L'intérêt du livre réside dans le fait qu'il n'est pas qu'un récit de voyage. La santé physique et mentale de Christina, son aspiration à un idéal inaccessible, ses humeurs changeantes, s'invitent dans l'évocation du voyage par l'auteure qui garde toutefois en priorité le dessein de faire connaître les cultures et l'histoire de l'Asie traversée (Turquie, Iran, Afghanistan). D'autre part, aux rencontres d'autochtones s'ajoutent celle d'Européens – notamment des ingénieurs appelés à la construction de routes, de chemins de fer ou d'usines, certains étant des partisans du Führer.

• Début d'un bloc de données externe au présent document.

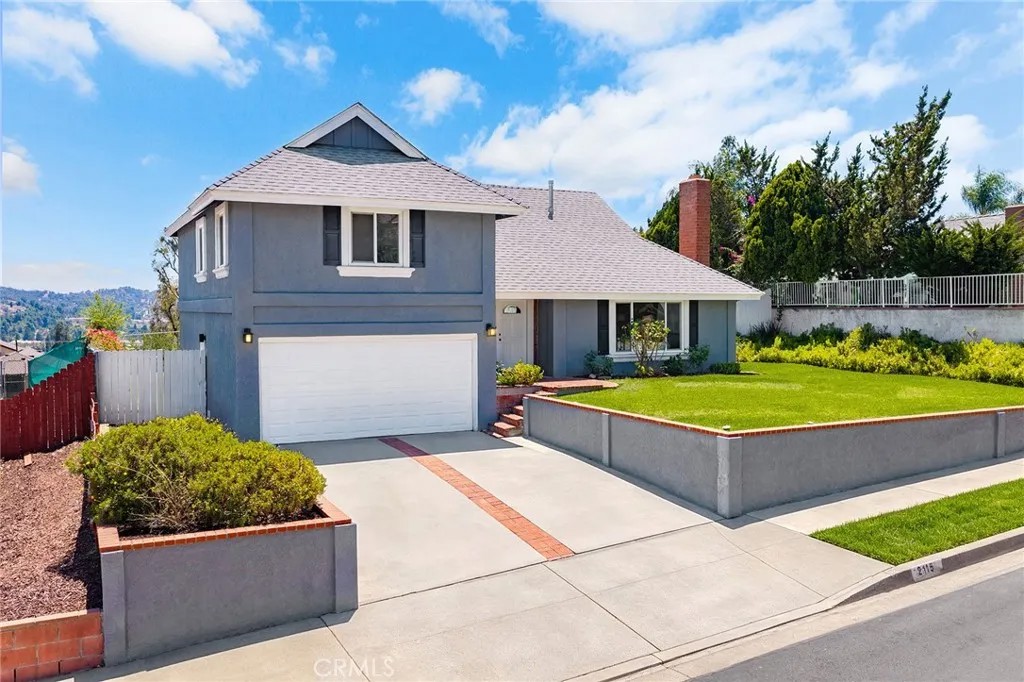 2115 Tierra Loma Drive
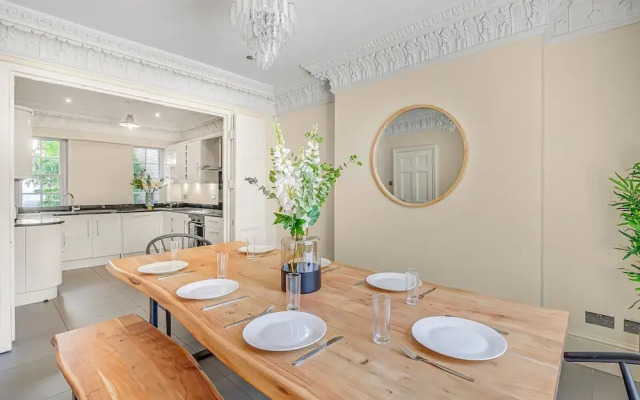 Elegant 5bed House Next to Harrods Knightsbridge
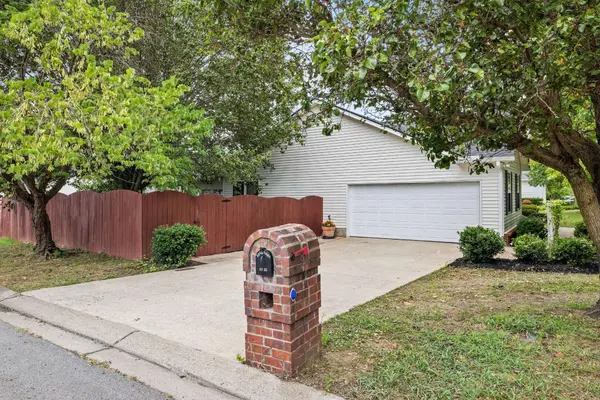 2735 Roscommon Dr, Murfreesboro, TN 37128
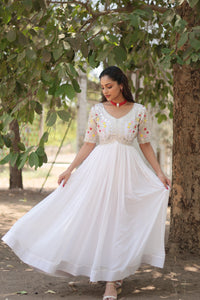 EthnicWear WeddingWear PartyWear DesignerWear IndianWear Dresses.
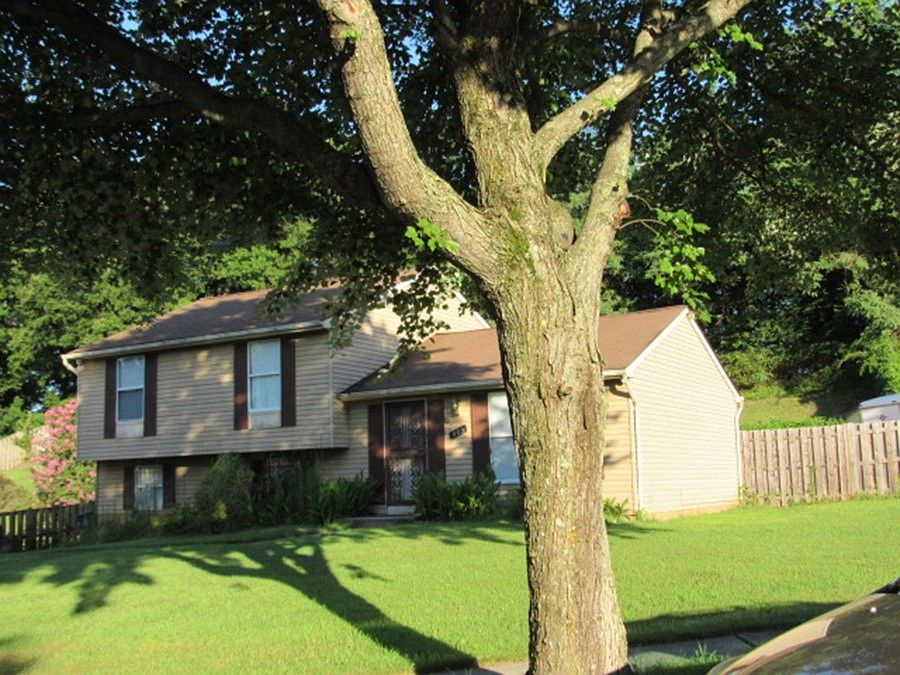 2nd image of 305 Etna Dr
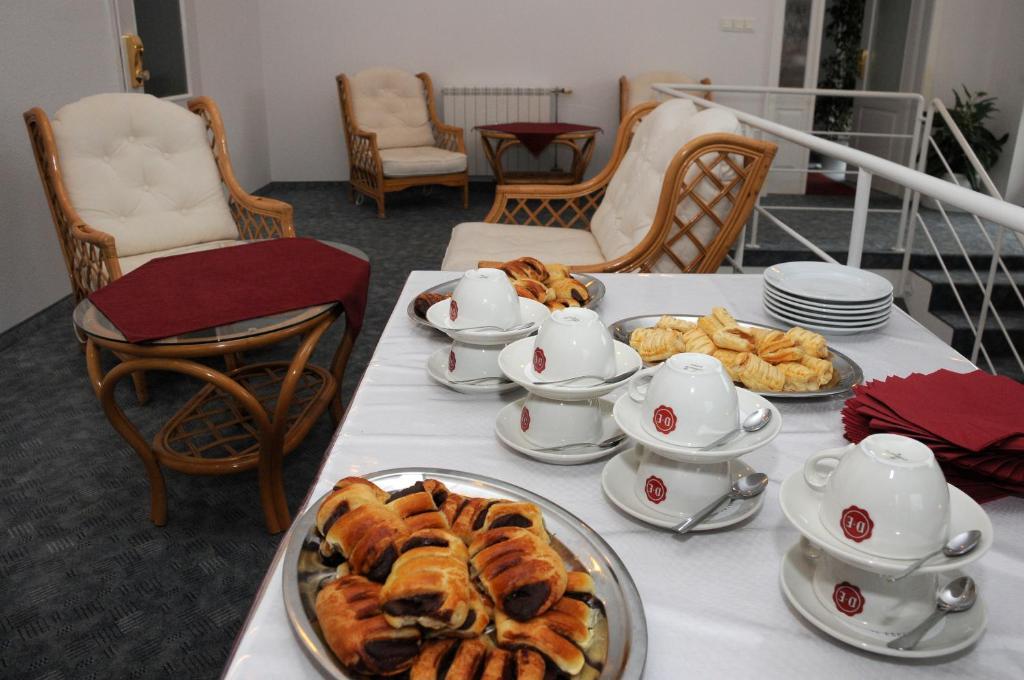 Ket Korona Konferencia Es Wellness Hotel Балатонсарсо Экстерьер фото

Ceci n'est pas fait pour séduire les deux femmes qui sont furieusement antinazies. Surtout, la narratrice est dégoûtée par l'évolution de la civilisation européenne. « De l'autre côté de cette frontière dont nous nous approchions, nous allions voir un mode de vie patriarcal, simple et harmonieux, probablement parce qu'on y faisait place à un facteur inconnu, appelé “divin” : tandis que chez nous où, tel Prométhée, les hommes se sont attribués tous les pouvoirs de la nature, la vie nous mène au cabanon. » (p. 180-181). Et plus loin : « Quand l'Europe a-t-elle déraillé ? Quand avons-nous cessé d'être dignes de nous-mêmes ? Cessé de porter la tête droite ? Pourquoi les sociétés traditionnelles sont-elles partout affaiblies au point de s'écrouler devant notre matérialisme qui n'a pas de quoi les remplacer ? » (p.262).
Au terme du voyage, la guerre ayant commencé en Pologne, Christina décidera de regagner l'Europe alors qu'Ella restera momentanément aux Indes. C'est d'ailleurs à Trivandrum qu'elle entamera la rédaction de ces souvenirs, en 1945, après avoir appris la mort accidentelle de sa compagne d'aventure, cette jeune compatriote filiforme aux cheveux courts que les villageois croisés sur la route prenaient souvent pour un garçon.
• Ella Maillart. La voie cruelle. Payot, 1988/2016. 315 pages.